Para llevar a cabo la macabra ceremonia, se trasladó Carlos II a El Escorial donde los frailes jerónimos debían abrirle el panteón y él podría depositar un beso de hijo arrepentido sobre la calavera de Felipe IV. Da buena idea del estado en que se hallaba sumida la corte el hecho de que la misma reina manifestara su voluntad de acompañar al rey en tan extravagante ceremonia.
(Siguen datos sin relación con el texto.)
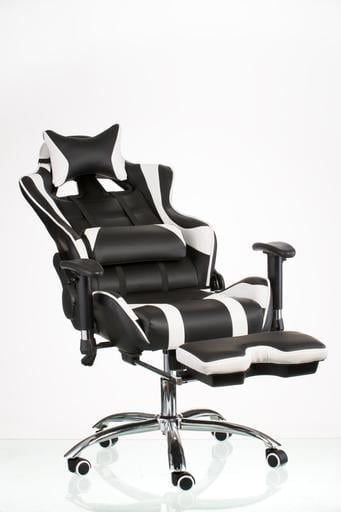 Геймерское кресло Special4you ExtremeRace с подставкой для ног черное с белым (E4732) - фото 10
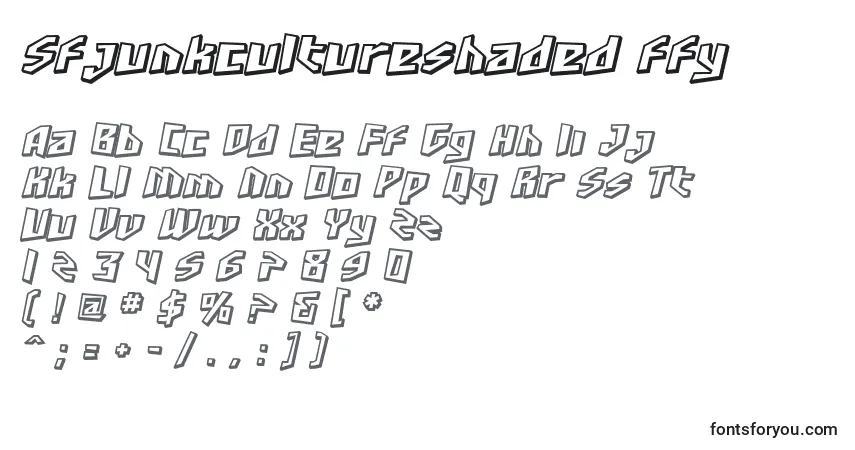 Czcionka Sfjunkcultureshaded ffy – alfabet, cyfry, specjalne znaki
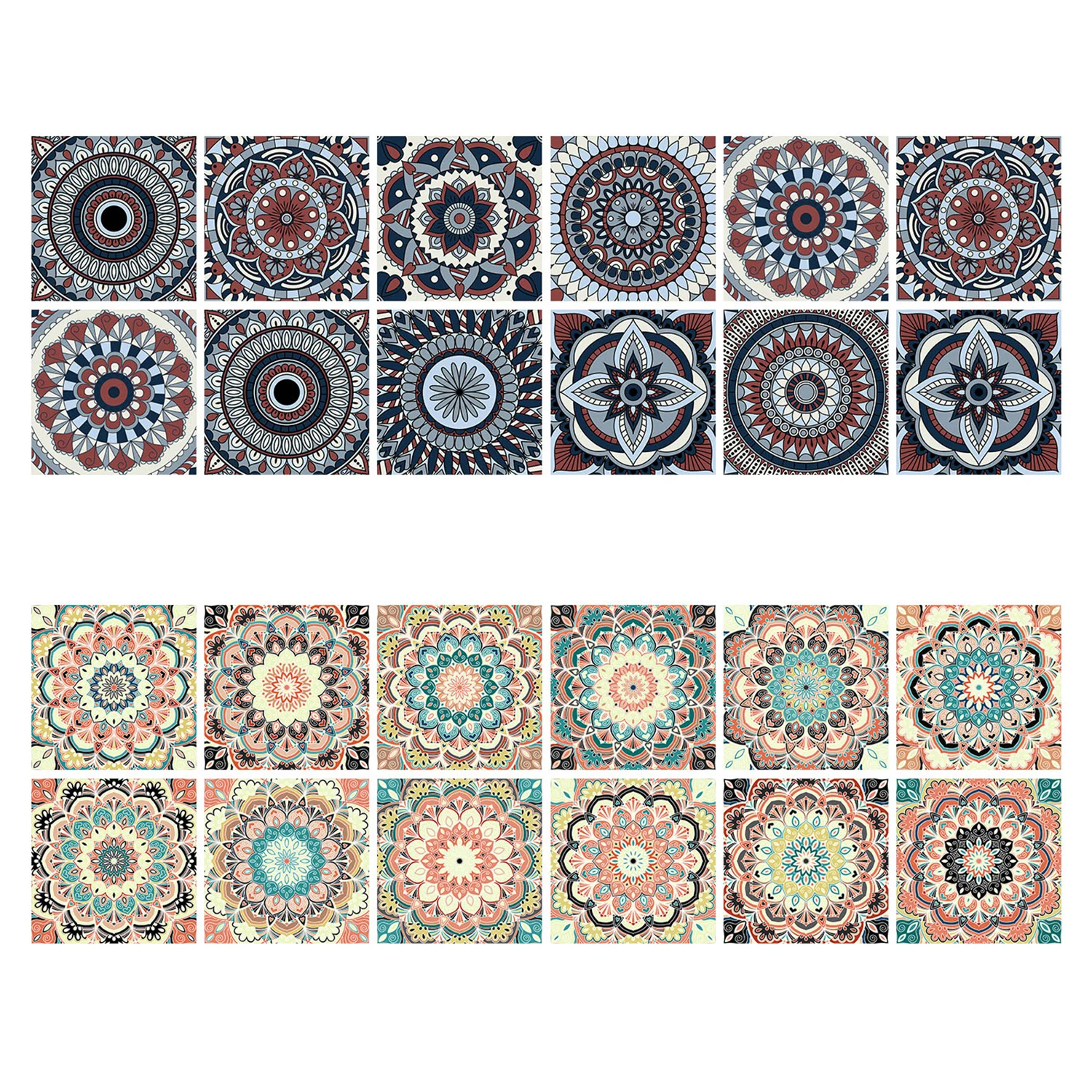 24 Stück europäische Mandala wasserdichte selbst klebende Wanda uf kleber Fliesen aufkleber PVC Küche Schlafzimmer Wohnkultur Tapete – Detail 7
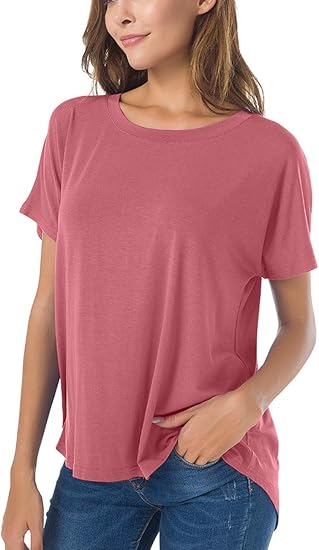 Herou Casual Summer Short Sleeve High Low Loose T Shirt for Women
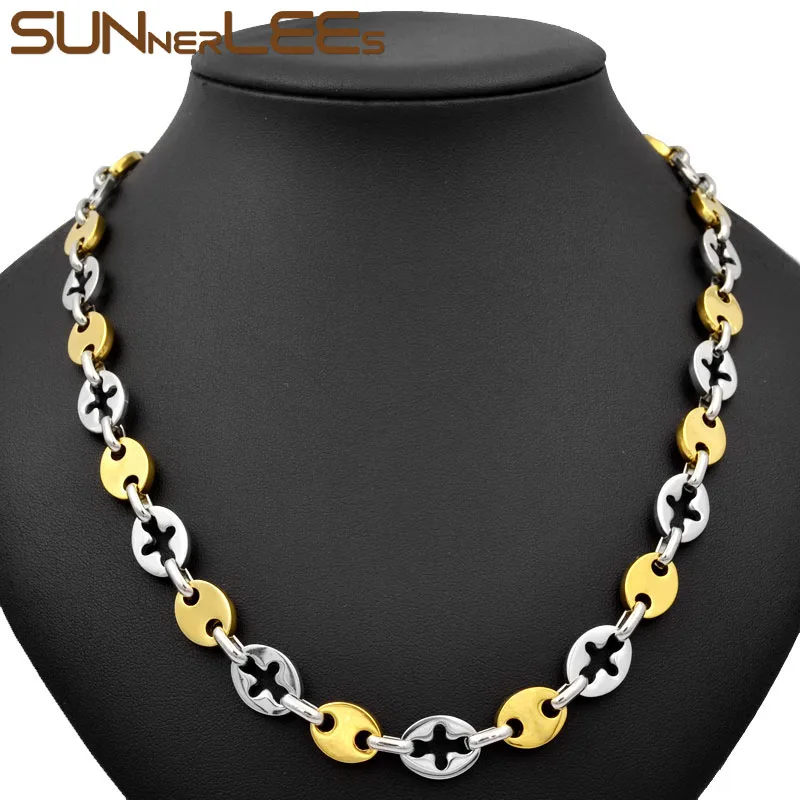 

SUNNERLEES ювелирные изделия из нержавеющей стали ожерелье 11 мм геометрические звенья цепи серебряного цвета Позолоченные Мужчины Женщины пода...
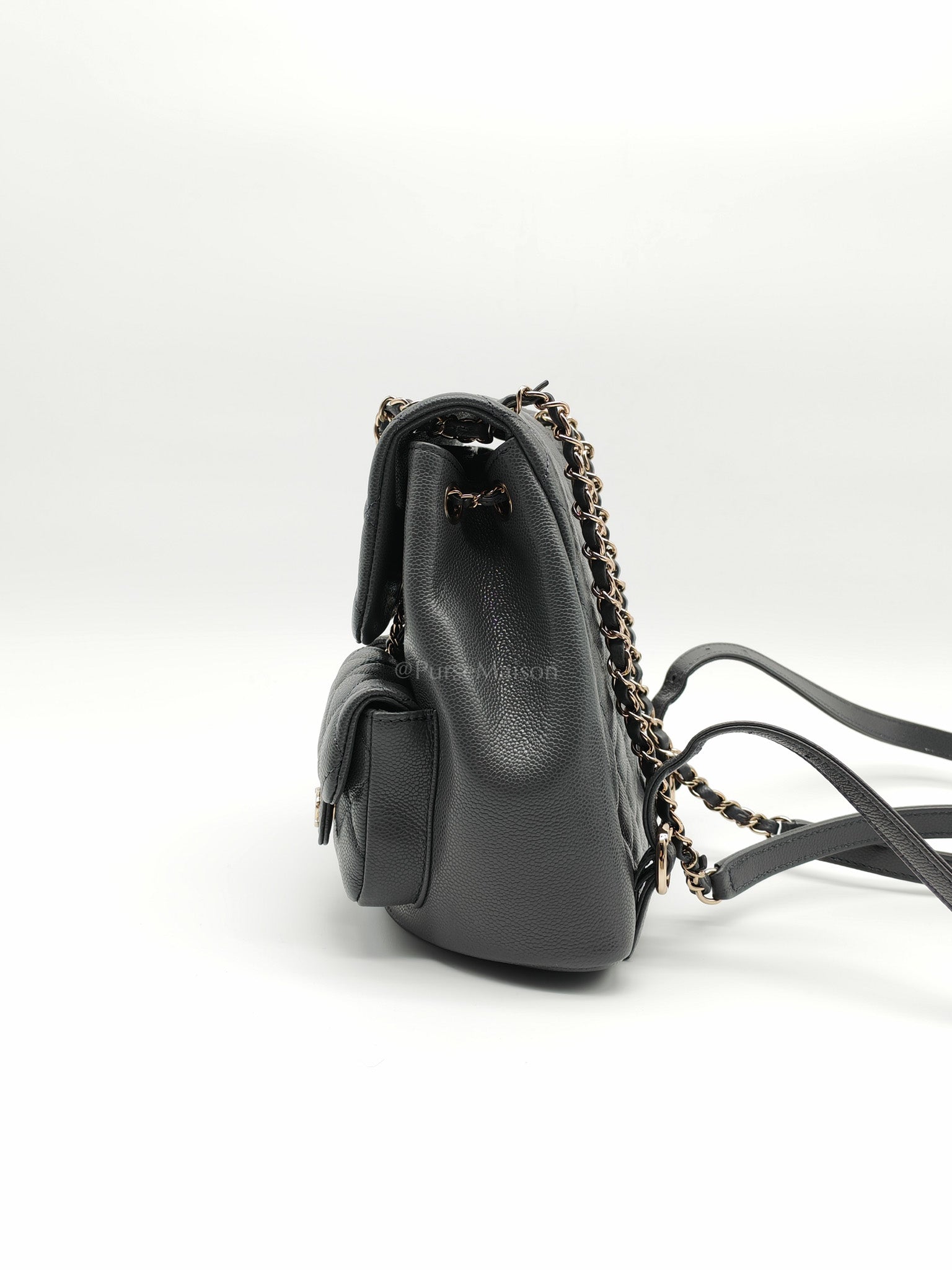 Mini Duma Backpack in Gray Quilted Caviar Leather and Light Gold Hardware (Microchip) | Purse Maison Luxury Bags Shop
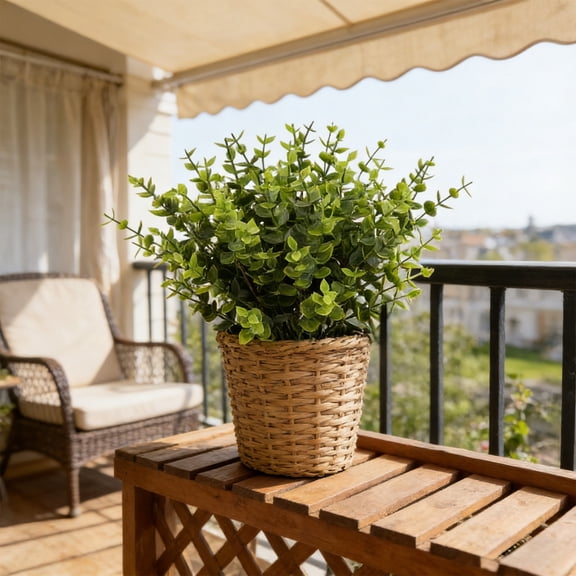 Dongrere 12 Pcs Artificial Eucalyptus Stems, Fake Boxwood Greenery Bushes for Indoor Outdoor Home Decor, 9.8x11.8 Inch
Si, finalmente, no lo hizo se debió a su voluntad a que el astrólogo había establecido que Carlos II debía de ir solo, a media noche y sin compañía alguna a excepción de los frailes que debían conducirle al lugar donde descansaban los restos de su padre. Por supuesto, el hecho de seguir al pie de la letra las instrucciones del astrólogo no sirvió absolutamente de nada.
A esas alturas, la corte española se había convertido en un verdadero campo de Agramante donde las grandes potencias tomaban posiciones para mejor descuartizar el imperio hispano. Si Luis XIV intentaba mantener su influencia a través de una reina cada vez más desacreditada, el emperador de Austria se valía de los mezquinos odios de la madre de Carlos II para intentar extirpar cualquier influjo galo. En medio de ese remolino de intrigas, el rey intentaba proteger y alegrar a su mujer cediendo ante sus menores antojos y ésta se entregaba a todo tipo de devociones católicas con la esperanza de quedar encinta. Durante meses llegó a vestir la infeliz reina hábitos de monja, a la vez que menudeaba las peregrinaciones a santuarios supuestamente milagrosos, se entregaba a trisagios y novenas, o rezaba a las reliquias de distintos santos especializados, supuestamente, en facilitar la concepción. No era una conducta extraña en la España de la Contrarreforma, pero, a decir verdad, tampoco dio muestras de resultar efectiva.